Developing Educational Standards (http://edstandards.org/Standards.html)
This site is a repository for as information about educational standards and curriculum frameworks from all sources (national, state, local, and other) on the Internet, organized both by subject area and by state.
The National Center for Fair and Open Testing (http://www.fairtest.org/)
The National Center for Fair & Open Testing is an advocacy organization working to end the abuses, misuses and flaws of standardized testing and ensure that evaluation of students and workers is fair, open, and educationally sound. The FairTest site outlines the new federally mandated national testing plan for grades K-12 and offers fact sheets on many related topics.
National Education Association (http://www.nea.org/esea/nearesources-esea.html)

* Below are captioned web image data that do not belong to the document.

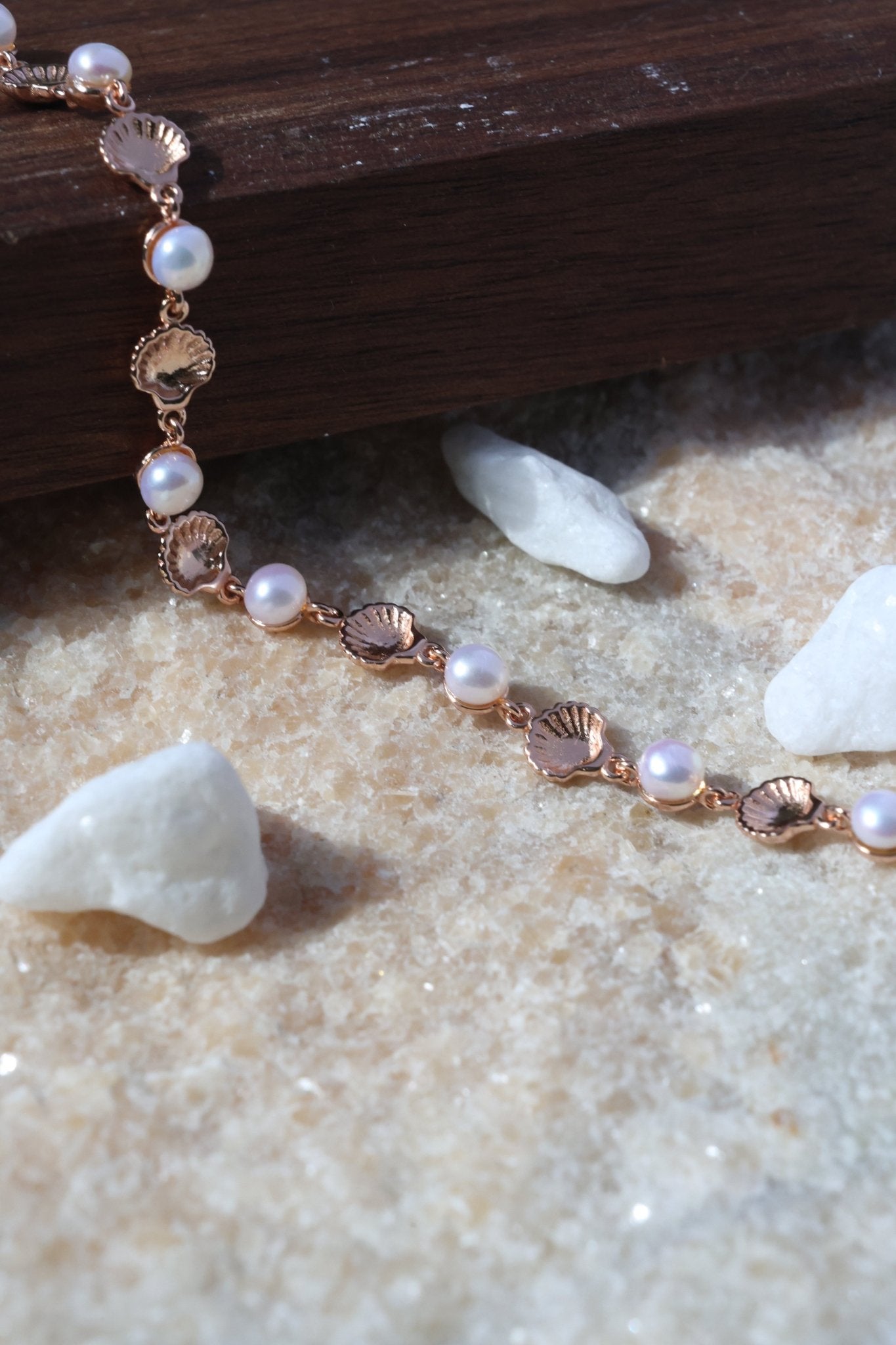 Seabelle Pearl Necklace - Love Estella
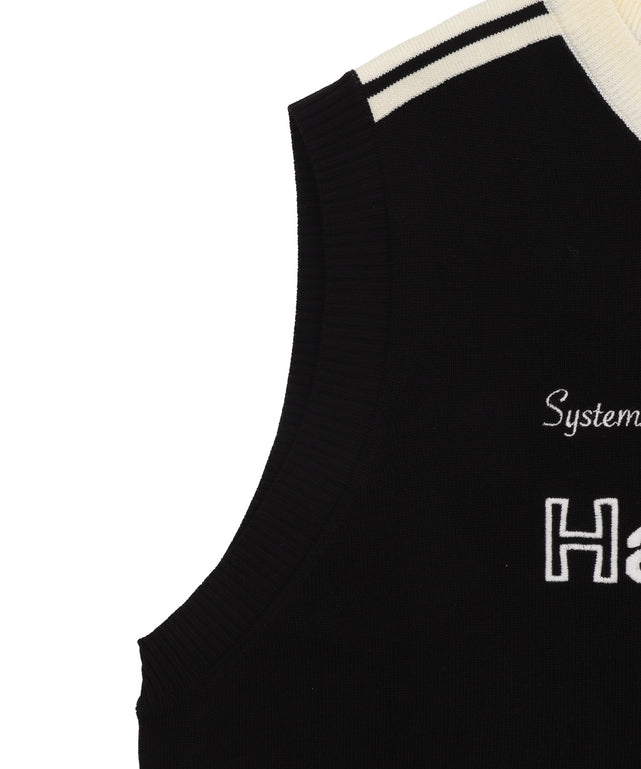 アンサンブルゲームロゴニットベスト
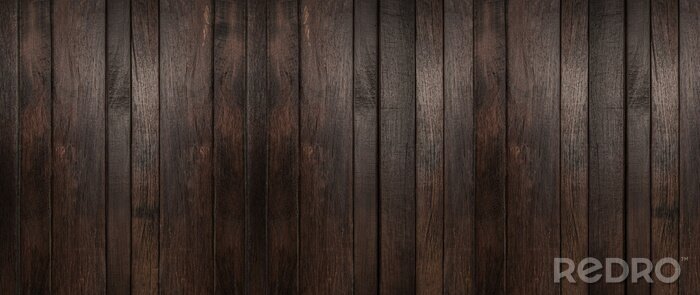 Poster Luxuriöse dunkle Paneele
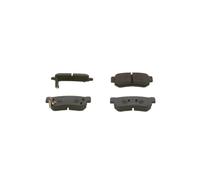 0986494417 Kit pastiglie freno, Freno a disco Bosch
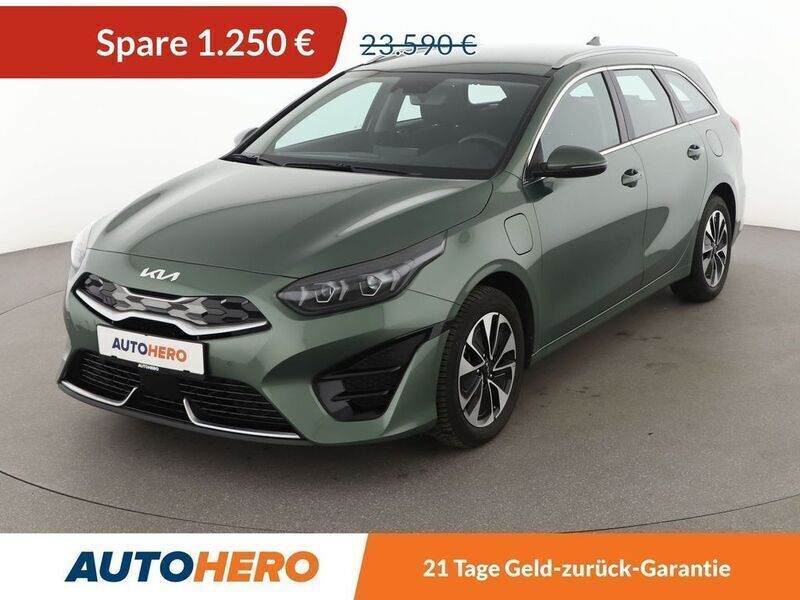 Grün Gebraucht 2022 Kia Ceed Spirit Limousine | 22.340 € (Fairer Preis) - Bild 1/3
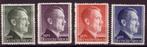 Set Hitler Zegels uit 1942 (DR 799-802), Verzamelen, Militaria | Tweede Wereldoorlog, Verzenden, Overige soorten, Duitsland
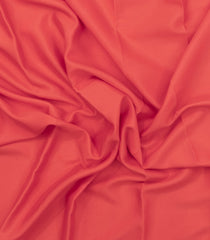 Peach Woven Mysore Silk Saree With Zari Border-MS3698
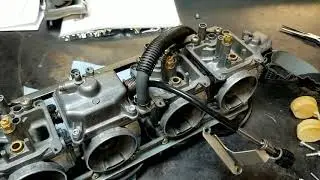Jeff Battles the Mighty ZRX Carburators
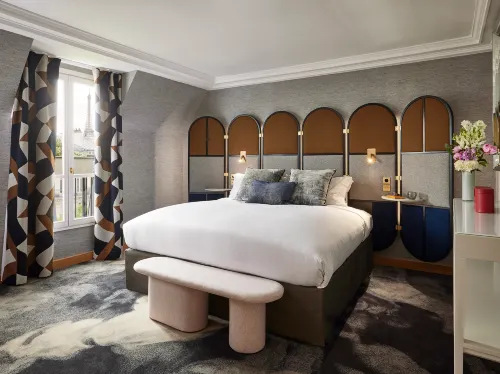 Sofitel Paris Baltimore Tour Eiffel Rooms Photos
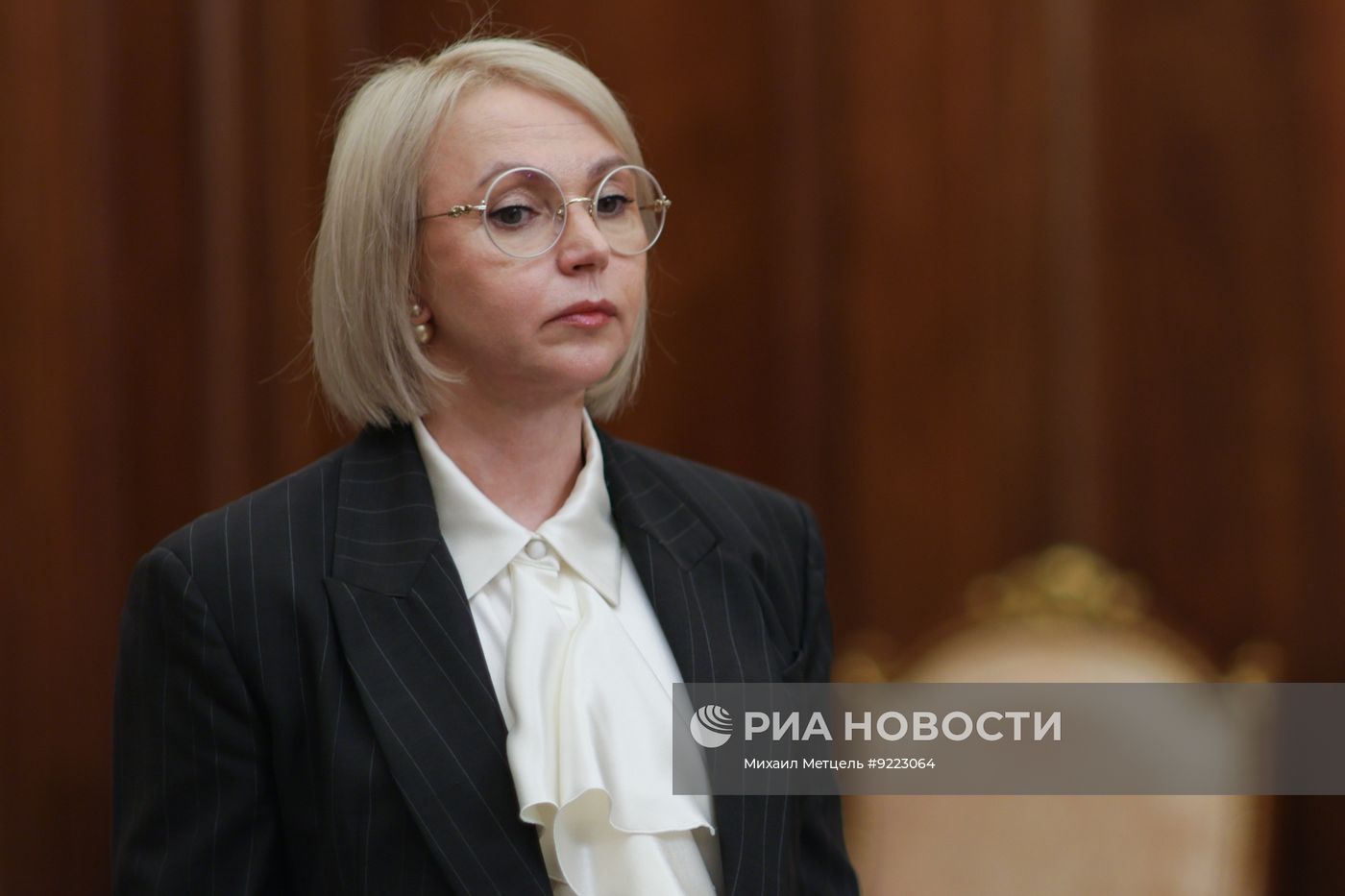 Президент Владимир Путин встретился с главой Ненецкого округа Ириной Гехт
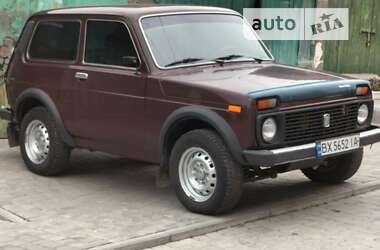 Позашляховик / Кросовер ВАЗ / Lada 21214 / 4x4 2008 в Городку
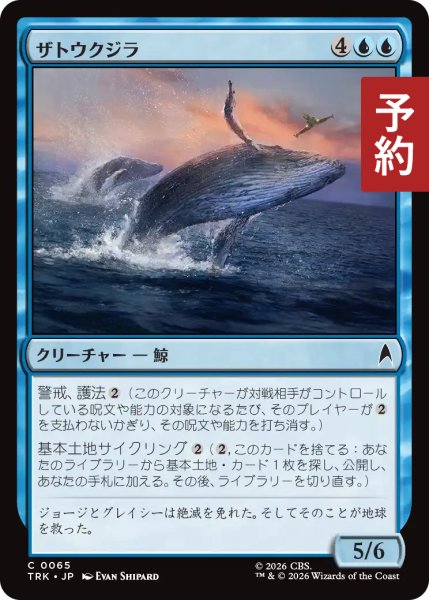 画像1: ザトウクジラ/Humpback Whales 【日本語版】 [TRK-青C] (予約J) (1)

The NEA is committed to advancing the cause of public education, with 2.7 million members who work at every level of education, from pre-school to university graduate programs. Founded in 1857 “to elevate the character and advance the interests of the profession of teaching and to promote the cause of popular education in the United States,” the NEA is focused on “restoration of public confidence in public education.”